Finalmente, el tiempo llega a diez minutos y, sorpresa: ¡Raúl sigue ahí como un tronco! Se declara ganador a David, y el Coliseo estalla en aplausos y gritos. Los magos guerreros de la sala VIP, donde está Berek, no parecen muy emocionados; más bien tienen cara de haber pedido una pizza que nunca llegó.
Pero bueno, las heridas de ambos no son tan graves como parecían. Así que, en vez de llevarlos al hospital intergaláctico de Herel, los sanadores deciden poner manos a la obra allí mismo, como si fueran mecánicos de Fórmula 1 con un auto en plena pista. Los curan rápidamente con magia, aunque luego les envuelven en vendas aquí y allá, especialmente a Raúl, que parece más una momia que un guerrero después de enfrentarse al fuego de David.
Cuando el doctor da el visto bueno, David sale disparado de la sala y, al ver a su familia y amigos esperando afuera, se lanza sobre ellos con la misma energía con la que se tiraría en un colchón nuevo. Todos ríen, lo lanzan al aire (o intentan, porque David pesa lo suyo), y sus padres lo observan de lejos, sonriendo con una mezcla de orgullo y alivio. Hasta la pelirroja, que parece ser hermana de Dery, lo mira con una sonrisa. Es muy guapa, y de repente me doy cuenta de que esta amistad con Dery podría tener algunas ventajas… interesantes.
Mientras tanto, en la otra esquina, la familia de Raúl también le da sus felicitaciones. Ahí están su padre, Yolanda, y hasta el director de la escuela, junto con sus amigos de la Casa de magos tipo Guerreros, que lo miran como si ya fuera el próximo gran líder. Pero entonces aparece Berek, con esa cara de vinagre que no se le quita nunca, y le suelta a Raúl una joya de ánimo:
—Eres un animal que no sabe usar su magia. Con resultados así, no llegarás a nada. Tu derrota es una vergüenza.

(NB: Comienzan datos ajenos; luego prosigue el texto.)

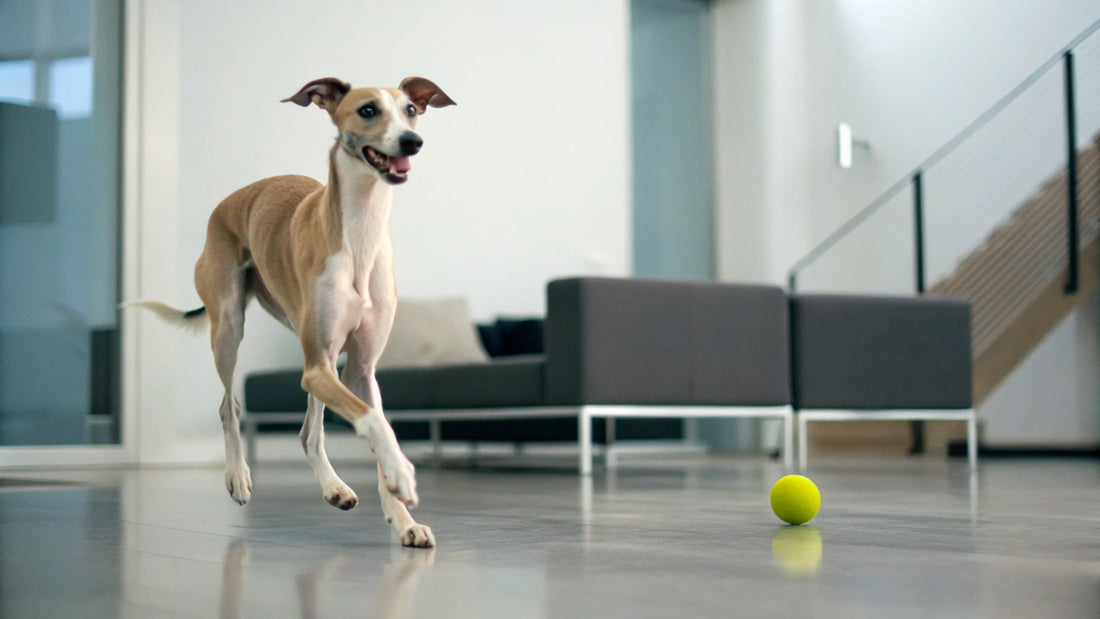 What is the Best Dry Dog Food for Large Dogs?
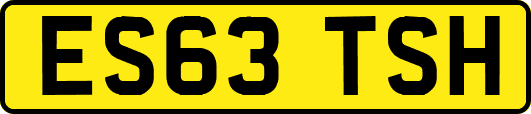 ES63TSH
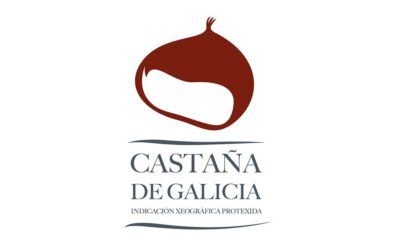 Castaña de Galicia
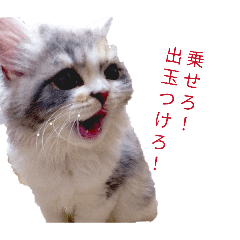 moka_cat_20260324103823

El ambiente se congela, y Raúl sale corriendo, hecho una furia, mientras Berek se aleja como si no acabara de destruir el día de alguien. Frío como un témpano, ese hombre. Apuesto a que hasta las piedras se ríen más que él.
Con eso, la multitud comienza a salir del Coliseo, dejándolo casi vacío. Yo hago lo mismo, intentando pasar desapercibido, especialmente porque Yolanda está cerca de Berek y hoy no tengo ganas de una mirada fulminante de su parte.
Finalmente, llego a casa… bueno, al dormitorio, que es casi lo mismo, y me dejo caer en la cama con los brazos abiertos, como un héroe después de una larga jornada. Mis ojos se cierran lentamente y, antes de darme cuenta, ya estoy profundamente dormido.